Florence Cole worked as a codebreaker at RAF Scampton in Lincolnshire base for several weeks as part of her 18 months in the RAF.

The news about the site being sold first broke in July but Florence didn’t know about it until she read a letter in the Daily Express on Sunday.

She said: “I can’t believe they are doing this. I’ve cried thinking about it.

“It’s dreadful that the government is allowing this to happen. I’m so angry.

“When I read that letter, it broke my heart.

“People as young as 17 gave their all and risked their lives for our freedom and now their memory is being disrespected.

“I hope I’m not the only person who feels this way, though I feel particularly strongly about it because I was there.”

RAF Scampton will close in 2022 as part of the Ministry of Defence’s plan to save almost £3 billion by 2040 by selling off about one-third of its estate.

The 102-year-old base is best known for being home to 617 Squadron, which carried out the Dambusters mission in 1943.
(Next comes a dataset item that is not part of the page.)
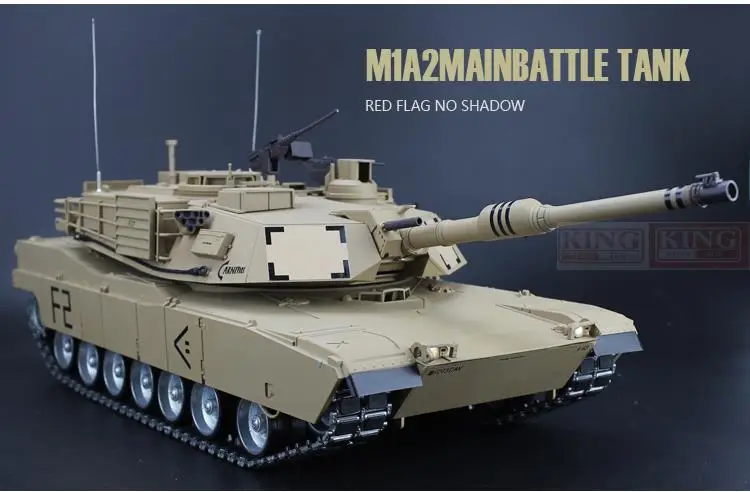 2 4 ГГц Радиоуправляемый Танк Heng Long 1/16 США M1A2 основной боевой танк армии Abrams Tusk tank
It is currently where the world-famous Red Arrows are stationed - they will be moved by 2022.

Leading Aircrafts-woman Florence Cole, from Shivenham, joined a team of 50 transcribing blocks of letters and digits transmitted by the enemy and intercepted by British wireless telegraphers.

Her eyes lit up as fond memories of her time at the base came flooding back to her.

She added: “I was first called up in 1943.

“After a few weeks of training at Gloucestershire, I was sent to RAF Scampton.

“It was a lot to take in, everything was in code, and it all felt so foreign and unfamiliar.

“To be honest, the work sometimes bored me stiff, but my time there flew by.

“I saw top secret documents about the bouncing bomb used in the Dambusters mission and packaged propaganda leaflets.

“I couldn’t talk about anything I had done there for 70 years, which was a strange feeling.

“I felt so excited and proud to be doing something for the good of the country, and the world.

“When I came home on leave, my mother never asked me what I did and I never told her.”

It’s not yet clear who will buy RAF Scampton or what the land will be used for.

A small museum has been suggested as a way to keep the rich history of the base alive once it’s no longer being used by the RAF.

Florence added: “That would be nice, hopefully these brave men and women will still be remembered.”